Keep model_avg on cpu (#348)

* keep model_avg on cpu * explicitly convert model_avg to cpu * minor fix * remove device convertion for model_avg * modify usage of the model device in train.py * change model.device to next(model.parameters()).device for decoding * assert params.start_epoch>0 * assert params.start_epoch>0, params.start_epoch
2022-05-07 10:42:34 +08:00 · 2022-05-07 10:42:34 +08:00 · c059ef3169
commit c059ef3169
parent 8e3c89076e
4 changed files with 22 additions and 21 deletions
--- a/egs/librispeech/ASR/pruned_transducer_stateless2/beam_search.py
+++ b/egs/librispeech/ASR/pruned_transducer_stateless2/beam_search.py
@ -276,7 +276,7 @@ def greedy_search(
    context_size = model.decoder.context_size
    unk_id = getattr(model, "unk_id", blank_id)

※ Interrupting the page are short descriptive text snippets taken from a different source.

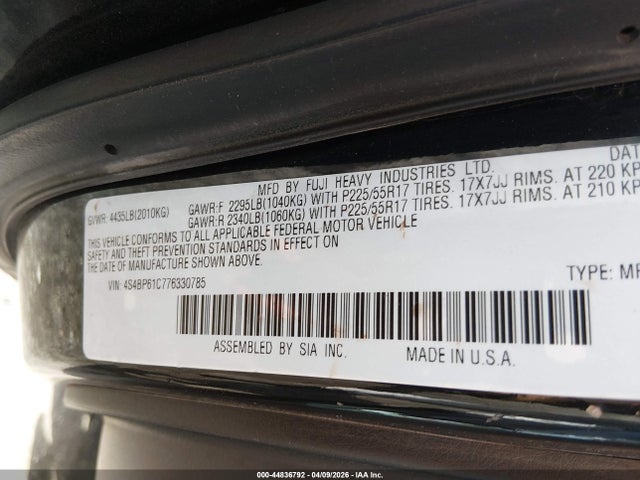 2007 Subaru Outback 2.5i მანქანა იყიდება აუქციონზე, vin: 4S4BP61C776330785, აუქციონის ნომერი: 44836792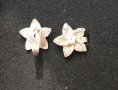 Сребърни обеци с циркони - цветя / проба 925 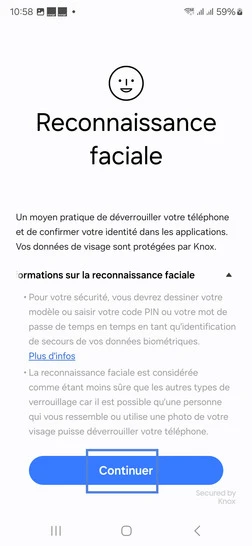 Étape 6 : Pressez Continuer après avoir lu les informations relatives à la Reconnaissance faciale.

-    device = model.device
+    device = next(model.parameters()).device

    decoder_input = torch.tensor(
        [blank_id] * context_size, device=device, dtype=torch.int64
@ -350,7 +350,7 @@ def greedy_search_batch(
    assert encoder_out.ndim == 3
    assert encoder_out.size(0) >= 1, encoder_out.size(0)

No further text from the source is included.